The inputs for testing are split 70% for training (294,996 records) and 30% for evaluation (126,427 records).
For each evaluation record, the software uses
dynamic time warping to measure the distance to each training record and records a simulated trade result as
log(next_next_trading_day_open / next_trading_day_open) * 100 for the closest 294 training records (a little less than 0.1% of the training records).
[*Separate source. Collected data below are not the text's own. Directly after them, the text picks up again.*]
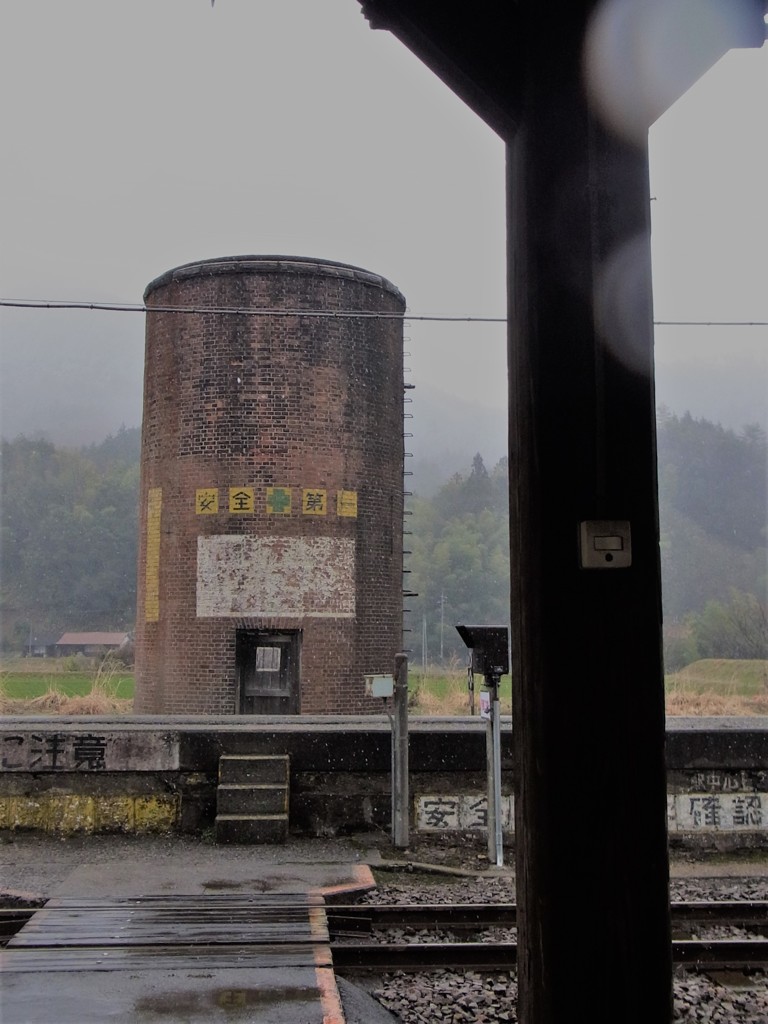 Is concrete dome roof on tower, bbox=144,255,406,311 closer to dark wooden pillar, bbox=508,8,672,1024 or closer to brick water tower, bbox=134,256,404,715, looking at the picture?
brick water tower, bbox=134,256,404,715

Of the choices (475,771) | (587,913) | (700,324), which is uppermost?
(700,324)

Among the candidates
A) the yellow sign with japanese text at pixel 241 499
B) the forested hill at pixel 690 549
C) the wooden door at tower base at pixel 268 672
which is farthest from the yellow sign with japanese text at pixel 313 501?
the forested hill at pixel 690 549

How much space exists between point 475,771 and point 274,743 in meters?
1.74

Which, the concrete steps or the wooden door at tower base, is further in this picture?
the wooden door at tower base

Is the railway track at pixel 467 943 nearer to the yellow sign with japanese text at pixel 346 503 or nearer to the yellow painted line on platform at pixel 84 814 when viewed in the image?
the yellow painted line on platform at pixel 84 814

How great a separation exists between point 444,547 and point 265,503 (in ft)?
239

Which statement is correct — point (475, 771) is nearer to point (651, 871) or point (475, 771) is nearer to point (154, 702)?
point (651, 871)

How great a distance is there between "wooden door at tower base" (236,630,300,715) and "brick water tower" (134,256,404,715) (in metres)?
0.02

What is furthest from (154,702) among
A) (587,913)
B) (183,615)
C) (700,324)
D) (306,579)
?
(587,913)

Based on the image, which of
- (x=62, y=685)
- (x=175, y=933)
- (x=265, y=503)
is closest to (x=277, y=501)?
(x=265, y=503)

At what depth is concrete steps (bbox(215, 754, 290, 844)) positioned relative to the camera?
306 inches

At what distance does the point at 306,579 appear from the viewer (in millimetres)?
15000

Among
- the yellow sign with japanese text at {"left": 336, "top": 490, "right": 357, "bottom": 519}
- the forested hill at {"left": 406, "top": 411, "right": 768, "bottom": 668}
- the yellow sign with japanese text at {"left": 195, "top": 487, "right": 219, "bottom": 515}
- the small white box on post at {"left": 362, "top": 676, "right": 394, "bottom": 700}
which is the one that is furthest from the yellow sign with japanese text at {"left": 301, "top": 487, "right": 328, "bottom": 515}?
the forested hill at {"left": 406, "top": 411, "right": 768, "bottom": 668}

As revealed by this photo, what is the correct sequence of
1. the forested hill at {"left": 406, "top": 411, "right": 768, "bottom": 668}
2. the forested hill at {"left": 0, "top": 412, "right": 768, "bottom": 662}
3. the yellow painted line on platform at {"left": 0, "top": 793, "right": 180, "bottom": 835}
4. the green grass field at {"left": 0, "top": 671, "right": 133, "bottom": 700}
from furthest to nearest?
the forested hill at {"left": 0, "top": 412, "right": 768, "bottom": 662}, the forested hill at {"left": 406, "top": 411, "right": 768, "bottom": 668}, the green grass field at {"left": 0, "top": 671, "right": 133, "bottom": 700}, the yellow painted line on platform at {"left": 0, "top": 793, "right": 180, "bottom": 835} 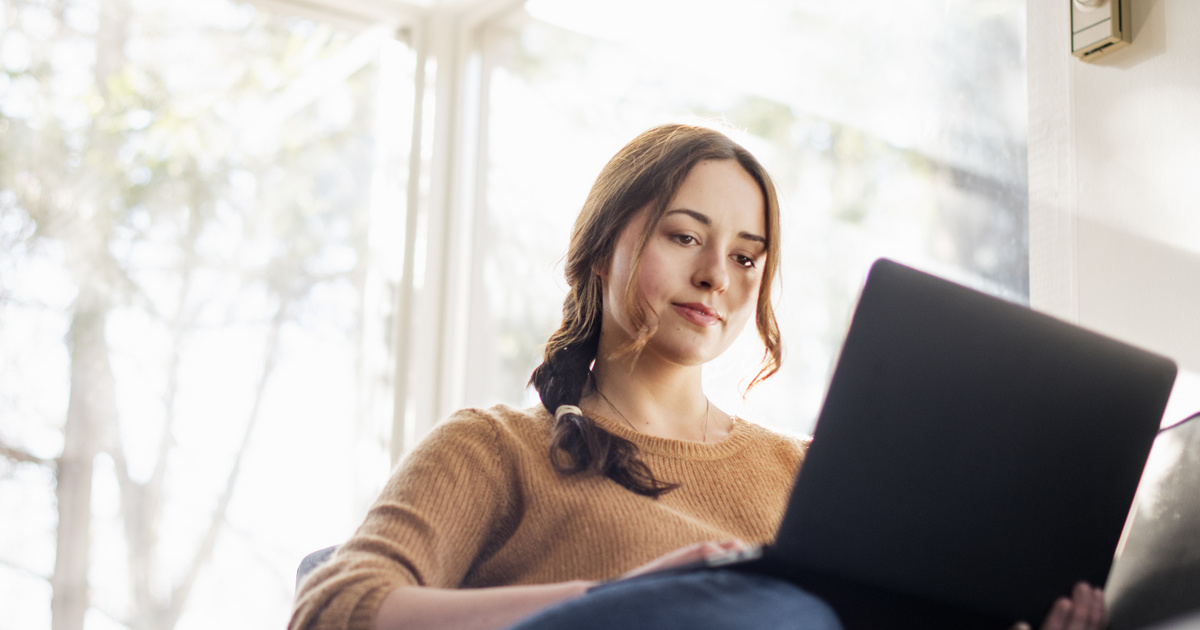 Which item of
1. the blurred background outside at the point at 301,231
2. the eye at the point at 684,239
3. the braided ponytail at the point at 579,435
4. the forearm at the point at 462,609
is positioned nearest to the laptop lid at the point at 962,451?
the forearm at the point at 462,609

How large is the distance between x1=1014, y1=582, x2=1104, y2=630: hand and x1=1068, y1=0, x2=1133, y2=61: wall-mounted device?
84 centimetres

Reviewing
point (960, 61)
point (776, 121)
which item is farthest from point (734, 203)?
point (776, 121)

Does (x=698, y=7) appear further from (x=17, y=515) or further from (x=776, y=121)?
(x=17, y=515)

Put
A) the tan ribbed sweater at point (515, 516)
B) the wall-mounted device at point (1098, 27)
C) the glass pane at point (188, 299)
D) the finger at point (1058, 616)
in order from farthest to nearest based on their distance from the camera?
the glass pane at point (188, 299) < the wall-mounted device at point (1098, 27) < the tan ribbed sweater at point (515, 516) < the finger at point (1058, 616)

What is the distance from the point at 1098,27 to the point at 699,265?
2.27ft

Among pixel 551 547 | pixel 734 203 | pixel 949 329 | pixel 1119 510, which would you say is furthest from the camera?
pixel 734 203

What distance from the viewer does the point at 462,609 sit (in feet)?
2.94

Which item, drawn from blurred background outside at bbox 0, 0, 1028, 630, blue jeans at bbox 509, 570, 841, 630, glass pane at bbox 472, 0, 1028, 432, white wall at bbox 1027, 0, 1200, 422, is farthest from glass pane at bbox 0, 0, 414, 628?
blue jeans at bbox 509, 570, 841, 630

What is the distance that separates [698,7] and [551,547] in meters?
1.69

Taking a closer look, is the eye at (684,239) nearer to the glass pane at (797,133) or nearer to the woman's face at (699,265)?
the woman's face at (699,265)

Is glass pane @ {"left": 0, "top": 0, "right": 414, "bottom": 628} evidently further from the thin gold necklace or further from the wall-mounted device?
the wall-mounted device

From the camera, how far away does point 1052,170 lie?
4.82ft

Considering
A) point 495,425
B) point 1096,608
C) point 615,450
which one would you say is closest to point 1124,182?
point 1096,608

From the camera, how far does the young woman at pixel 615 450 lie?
94 cm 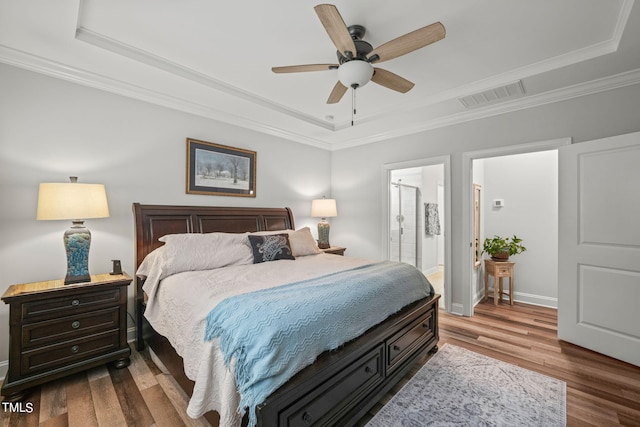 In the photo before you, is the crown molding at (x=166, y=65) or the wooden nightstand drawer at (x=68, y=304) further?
A: the crown molding at (x=166, y=65)

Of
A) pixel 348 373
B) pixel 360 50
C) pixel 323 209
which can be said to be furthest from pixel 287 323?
pixel 323 209

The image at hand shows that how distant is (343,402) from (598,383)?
212cm

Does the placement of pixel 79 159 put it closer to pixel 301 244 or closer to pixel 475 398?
pixel 301 244

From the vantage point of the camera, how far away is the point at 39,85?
2.41 meters

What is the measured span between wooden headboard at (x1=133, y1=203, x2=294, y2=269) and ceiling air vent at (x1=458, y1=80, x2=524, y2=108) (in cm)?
278

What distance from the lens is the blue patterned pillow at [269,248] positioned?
292 centimetres

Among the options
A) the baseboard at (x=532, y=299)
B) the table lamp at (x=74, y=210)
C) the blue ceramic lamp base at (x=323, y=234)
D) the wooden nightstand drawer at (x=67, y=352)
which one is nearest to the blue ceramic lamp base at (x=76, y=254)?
the table lamp at (x=74, y=210)

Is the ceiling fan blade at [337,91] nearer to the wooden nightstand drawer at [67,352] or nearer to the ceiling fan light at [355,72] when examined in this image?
the ceiling fan light at [355,72]

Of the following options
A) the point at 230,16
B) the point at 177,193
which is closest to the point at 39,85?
the point at 177,193

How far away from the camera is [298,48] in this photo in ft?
7.63

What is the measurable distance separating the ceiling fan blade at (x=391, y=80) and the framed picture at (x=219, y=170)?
2.18 metres

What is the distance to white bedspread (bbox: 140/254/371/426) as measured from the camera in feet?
4.66

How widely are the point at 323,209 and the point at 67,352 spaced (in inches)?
130

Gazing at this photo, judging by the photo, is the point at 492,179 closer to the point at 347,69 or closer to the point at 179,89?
the point at 347,69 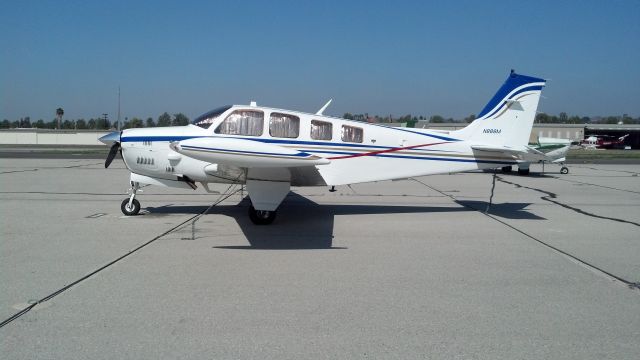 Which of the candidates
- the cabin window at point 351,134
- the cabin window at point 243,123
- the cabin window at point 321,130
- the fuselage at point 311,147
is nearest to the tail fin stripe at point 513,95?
the fuselage at point 311,147

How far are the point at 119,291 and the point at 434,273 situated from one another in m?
3.82

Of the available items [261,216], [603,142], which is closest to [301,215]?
[261,216]

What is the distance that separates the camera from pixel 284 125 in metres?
9.09

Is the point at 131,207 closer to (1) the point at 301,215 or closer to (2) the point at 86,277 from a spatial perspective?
(1) the point at 301,215

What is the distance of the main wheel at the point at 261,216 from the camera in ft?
28.7

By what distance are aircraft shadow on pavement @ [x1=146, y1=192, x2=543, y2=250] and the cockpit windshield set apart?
6.74 ft

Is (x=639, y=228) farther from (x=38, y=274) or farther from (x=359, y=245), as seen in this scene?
(x=38, y=274)

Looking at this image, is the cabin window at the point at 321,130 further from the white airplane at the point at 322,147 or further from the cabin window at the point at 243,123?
the cabin window at the point at 243,123

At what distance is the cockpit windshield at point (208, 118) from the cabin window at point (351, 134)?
2.40 m

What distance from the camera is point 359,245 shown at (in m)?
7.38

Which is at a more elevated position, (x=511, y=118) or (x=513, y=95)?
(x=513, y=95)

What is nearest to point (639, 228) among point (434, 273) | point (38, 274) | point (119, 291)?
point (434, 273)

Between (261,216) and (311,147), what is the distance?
1.72 meters

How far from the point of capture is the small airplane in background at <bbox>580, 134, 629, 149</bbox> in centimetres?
7000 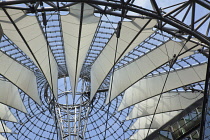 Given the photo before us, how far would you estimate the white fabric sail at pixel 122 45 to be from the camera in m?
17.0

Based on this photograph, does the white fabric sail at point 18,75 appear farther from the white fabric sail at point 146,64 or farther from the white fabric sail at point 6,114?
the white fabric sail at point 146,64

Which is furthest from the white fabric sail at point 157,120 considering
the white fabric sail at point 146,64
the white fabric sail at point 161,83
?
the white fabric sail at point 146,64

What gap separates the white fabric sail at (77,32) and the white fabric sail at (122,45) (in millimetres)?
2282

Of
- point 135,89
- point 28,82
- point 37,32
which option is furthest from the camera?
point 135,89

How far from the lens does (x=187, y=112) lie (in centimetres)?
2995

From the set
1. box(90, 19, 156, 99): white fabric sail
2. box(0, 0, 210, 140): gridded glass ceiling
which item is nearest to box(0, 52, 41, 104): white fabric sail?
box(0, 0, 210, 140): gridded glass ceiling

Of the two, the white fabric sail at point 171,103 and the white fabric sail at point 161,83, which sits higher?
the white fabric sail at point 161,83

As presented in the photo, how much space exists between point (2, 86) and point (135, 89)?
1386 cm

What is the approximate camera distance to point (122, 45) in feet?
64.4

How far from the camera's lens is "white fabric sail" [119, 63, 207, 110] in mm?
25114

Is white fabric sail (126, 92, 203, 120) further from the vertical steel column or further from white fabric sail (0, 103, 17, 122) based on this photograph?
the vertical steel column

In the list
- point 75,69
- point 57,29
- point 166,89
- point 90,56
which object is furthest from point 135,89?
point 57,29

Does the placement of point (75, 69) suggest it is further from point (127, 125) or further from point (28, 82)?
point (127, 125)

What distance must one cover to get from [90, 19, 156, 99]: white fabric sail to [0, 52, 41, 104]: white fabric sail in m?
6.24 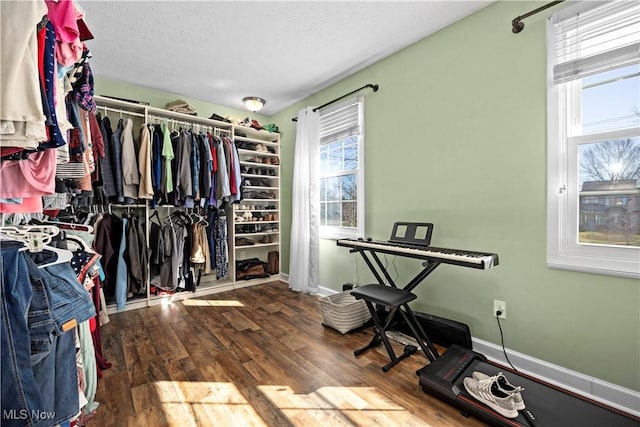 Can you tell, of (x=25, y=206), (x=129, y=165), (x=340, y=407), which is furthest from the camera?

Histogram Construction and Interpretation
The software builds a histogram with the simulated results using the
Freedman–Diaconis rule to calculate the bin width. For example, the histogram of DIA (SPDR Dow Jones Industrial Average ETF Trust) at 20240305 is:
The middle marked bin is the mode, and the surrounding marked bins show the first bins surrounding the mode bin that cover at least 68.26% of the 294 values rounded to the nearest whole number (201 values). The 68.26% is the proportion of values within one standard deviation from the mean of a
normal distribution.
A rule to determine whether to enter a long trade at the next trading day's open (and exit at the following day's open) is
Code:
mode > 0
and
(hi_mark - mode) >= (mode - lo_mark)
and
number_of_results_between_mode_and_hi_mark_inclusive <= number_of_results_between_lo_mark_and_mode_inclusive
My theory for this rule is a new result between the mode and high mark (inclusive) is more likely to happen because it creates a more symmetrical histogram (closer to a normal distribution) or keeps the histogram symmetrical.
Simulated Results
For the evaluation data using the above rule, the mean trade result is a gain of 0.1679%, mean win 0.9408%, mean loss 0.8544% and win rate 57.17%.
For the evaluation data using buy and hold, the mean one-day simulated trade result is a gain of 0.0396%, mean win 0.8824%, mean loss 0.9362%, and win rate 53.88%.
On a per-trade basis, the method was better than buy and hold on a large evaluation input.